Tuesday, April 15, 2014

Easy Bean Sloppy Joe’s

Easy Bean Sloppy Joe's
I have been delinquent in posting, mostly because my tasting partner and I are remodeling our family home and have spent every waking hour moving out of our house and into our rental unit.  I have also been trying to sell furniture and other items that we have decided will not go in our redesigned home, so I have not had time to post.  While I was moving my kitchen out, I found some tepary beans from Rancho Gordo and a couple of packets of Lowry’s Sloppy Joe mix.  I decided to soak the tepary beans over night, cook them up in the morning with some carrots, onions and a bay leaf, and then use the cooked beans as the base for the Sloppy Joes.  This is cheating, so to speak, using a spice packet, but who has time to cook in the middle of a move?  And, instead of serving the bean mixture on buns, I served the bean version of Sloppy Joe’s over baked yams.  Delicious! 

recipe after the jump

Easy Bean Sloppy Joe’s

1 pound Tepary beans (I used Rancho Gordo)

1 onion, diced
3 carrots, diced
2 Bay leaves

Pick through beans, rinse and add to medium size pot, cover with at least 2 inches of water and soak over night.  Add diced onions, carrots and bay leaf to pot in the morning, and bring water to a boil, then lower heat to a simmer, and simmer beans until tender, about 1 ½ to 2 hours.  Drain and put aside until ready to use.

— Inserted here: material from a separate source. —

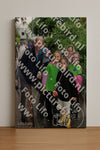 Evenement foto: Serie 2048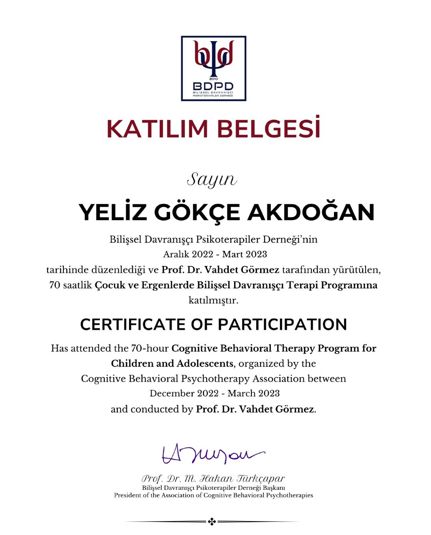 Resmi büyüt: certificate 6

Sloppy Joe and bean mixture:

1 diced red pepper
1 TBLS of oil
2 packages of Lowry’s Sloppy Joe mix
2 – 6 ounce cans of tomato paste
2 cups of water
cooked Tepary beans from above

Heat about 1 TBSL of oil in a deep skillet, add diced red peppers and sauté until soft.  Add water, spice packets and tomato paste, stir until combined.  Add cooked Tepary beans, and stir to combine.  Heat through until warm and served over a baked yam.

Baked Yams
4 Yams, washed

Bake yams on a parchment lined sheet pan, at 350 degrees, for about 1 1//2 hours until done.